名前がもっている神秘と永遠ーー名前にはどんな意味があるのか (1/3ページ)

心に残る家族葬

名前がもっている神秘と永遠ーー名前にはどんな意味があるのか

イギリス・ケンブリッジ大学の近くに、ルートヴィヒ・ヴィトゲンシュタイン(1889〜1951)の墓がある。著名な人物の墓には銅像やら功績を讃える説明文などがあるものだが、その墓石には「Ludwig Wittgenstein 1889-1951」とだけ刻まれている。「20世紀最大の哲学者」とも言われる人物の墓にしては実に簡素なものだ。しかし彼の人物や人生を知る者には、彼らしいと思える。なぜ「らしい」のか。名前とはただのラベルではない。墓に刻まれた名前には、その人のすべてが宿っている。

■墓碑銘となった大坂なおみ選手の7人のマスク

今年2020年の全米オープンテニスで大坂なおみ選手が2度目の優勝を果たした。大坂選手は今大会、マスクに人名を書いてプレイしたことが大きな話題となった。アメリカ国内の警官に命を奪われた黒人たちの名前であり、その名前は試合ごとに変わっていた。自らも黒人の血が流れる者として反黒人差別を訴えるための行動であった。

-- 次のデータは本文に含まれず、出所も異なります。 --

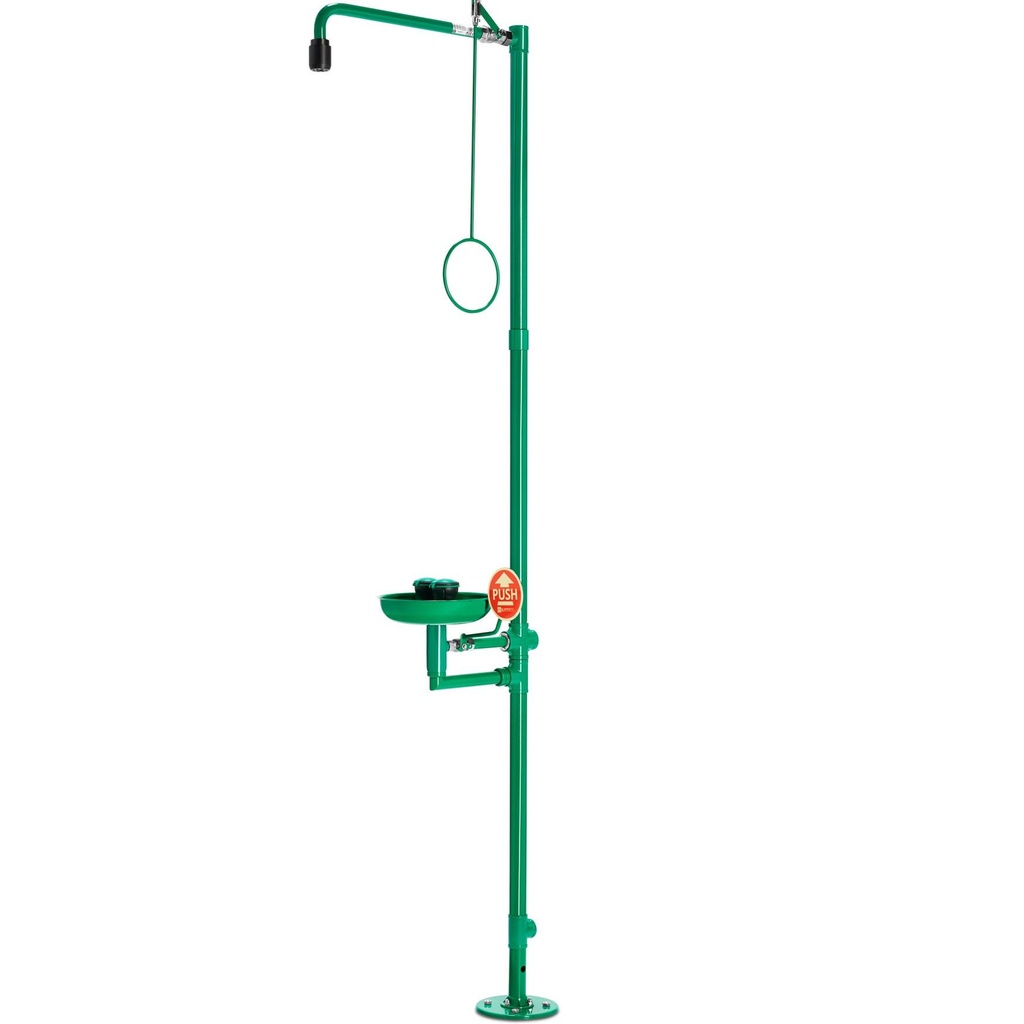 ClassicLine body safety shower with eye shower with bowl, draining of the eye shower over the stand pipe, Hand/O Shower and Eyewash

黒人差別問題は一様には言えない面があり、大坂選手の思想・行動を考えなく手放しに賛美するわけにはいかない。本稿で着目したいのは、大坂選手が死者の写真ではなく名前を選んだことである。大坂選手が彼らの遺影を掲げて入場すればかなりのインパクトだったはずである。何故名前だったのか。

■名前とは、その人そのもの、その人の全てをあらわす

70年代にヒットした漫画作品「男組」(原作 雁屋哲/作画 池上遼一)は、反骨の若者たちが日本を支配する黒幕に戦いを挑む物語である。終盤に近づいてくると主要人物が次第に命を落とす展開となっていくが、その際のサブタイトルがその人物の名前であった。彼らの最期をドラマチックに彩るタイトルはいくらでも付けられただろうが、その究極はやはり彼らの名前だった。名前にはその人物のすべてが込められているからである。

これらの名前はいずれも墓碑銘を思わせる。大概の墓には名前が刻まれている。著名な人物であれば「偉大な〇〇ここに眠る」云々の文章が添えられていることもあるが、ほとんどは名前の生没年月日が明記されているだけである。そしてそれで充分なのである。名前とは形を変えたその人そのものだからだ。